確信のある者が偶像にささげられた肉を食べ、異教徒の宴席に連なる行為は、他の信者に対して同じように行っていいというメッセージになります。しかし、偶像が無力だという確信の弱い信者や、偶像の力を否定しきれていない信者が、偶像と関わることは、彼らを偶像礼拝に再び引き戻すきっかけとなります。偶像については、兄弟がみな同じ強さの確信をもっていないことを考えれば、確信の弱い信者のために、偶像と関わることは避けるべきです。なにより、偶像礼拝は聖書で禁止されている行為で、私たちクリスチャンは偶像の神と関わりを持ってはいけません。
それどころか、偶像を恐れない自分たちの信仰を誇っていた。
さらに、コリントの一部の人たちは、自分たちの偶像を恐れない信仰を誇り、そこまでの確信を持てないでいる信者たちを見下していました。
確信の弱い信者に、自分たちと同じようにすることを強要した。これは、訓練ではない。兄弟の信仰を破壊する行為でしかない。
そして、確信の弱い者の信仰を鍛える目的で、無理やり偶像にささげられた肉を食べさせたりしていました。しかし、これは、彼らにとっては偶像に関わる行為です。そのため、唯一の神に対して良心の責めを感じて苦しみます。
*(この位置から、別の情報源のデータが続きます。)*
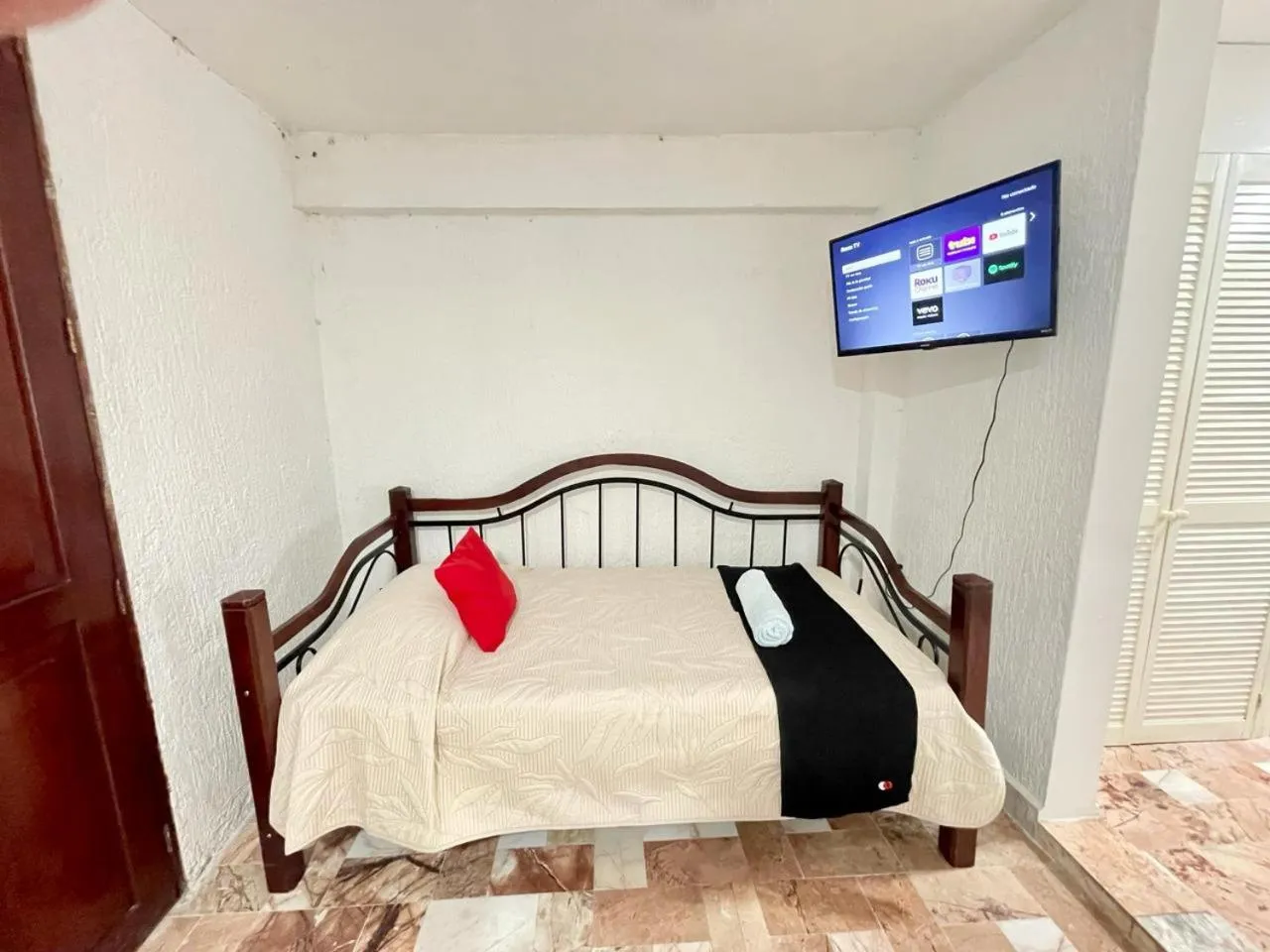 Bed in Hotel Farallon Inn Cancún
このような訓練は彼らの信仰を傷つけるだけであって、偶像を恐れない信仰を持つための助けにはなりません。
確信のある者が、自分にできることを誇って、できない信者をいじめているだけです。このような知識の誤用は兄弟を建て上げるためのものではなく、かえって、兄弟の信仰を破壊する行為です。
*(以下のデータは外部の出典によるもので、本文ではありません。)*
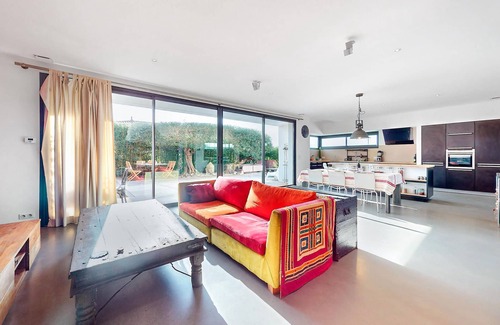 Medis Casa | Impresionante casa en Médis
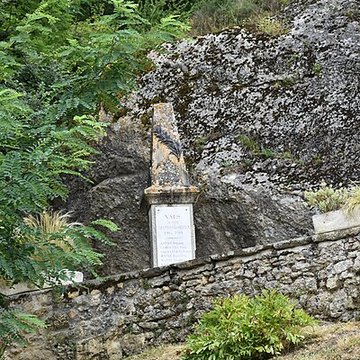 Église Notre-Dame et croix de pierre de Vals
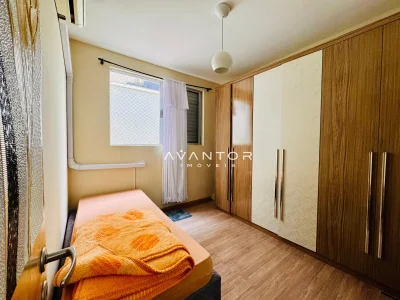 Dormitório com armários planejados — Apartamento à venda no Residencial Ferrara, em Presidente João Goulart, Santa Maria/RS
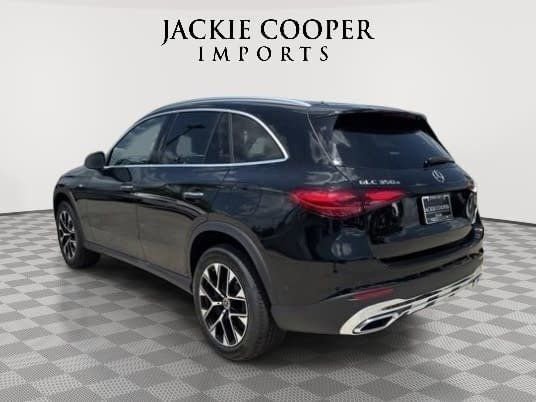 New 2025 Mercedes-Benz GLC 350e 4MATIC image 3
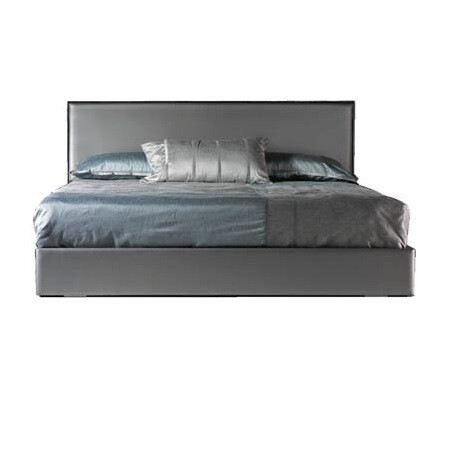 UPHOLSTERED KING SIZE BED (USA)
確信のある者は、兄弟姉妹の信仰の益になるように、神から与えられた知識を用いなければならない。
自分だけではなく、兄弟の信仰の益となるために、自分が得た知識をどのように用いていったらよいかと考えることは重要です。
たとえ、信仰の確信にもとづいて行うことであっても、それが兄弟に偶像礼拝と関わるきっかけを作ることになるなら慎むべきです。
自分の行いが、兄弟姉妹にどのように影響するかを考えなければなりません。
これが愛に根ざした、正しい「神の知識」の用い方であると思われます。
まして、自分の知識を誇って他者を見下し、自分の信仰が優れていることを証明しようとして、他者の信仰を破壊する知識の用い方は、愛のない、間違った用い方です。
考察2 具体的に例を上げて、クリスチャンとしての適切な行いを考える。
8章で言われていたことは、兄弟の信仰を建て上げるために、かしこく信仰の知識を用いなさいということでした。それでは、私たちの場合、どのような状況が考えられるでしょうか。
1.酒やたばこ。
酒を飲んでも自制心は失わない自信のあると言う人がいます。
しかし酒の量は、その時の状況いかんで、度を越えてしまいやすいものです。
クリスチャンになる以前に、酒が好きだった人やお酒で失敗しやすかった人が、あなたが酒を飲んでいるのを見れば、自分も飲んでいいと思います。あなたは大丈夫でも、その人は、酒によって身を滅ぼし、信仰から離れることになります。
また、あなたが酒を飲む姿は、未信者に対して、クリスチャンは自分たちと同様に酒に酔いつぶれてもいいのだという理解を与えます。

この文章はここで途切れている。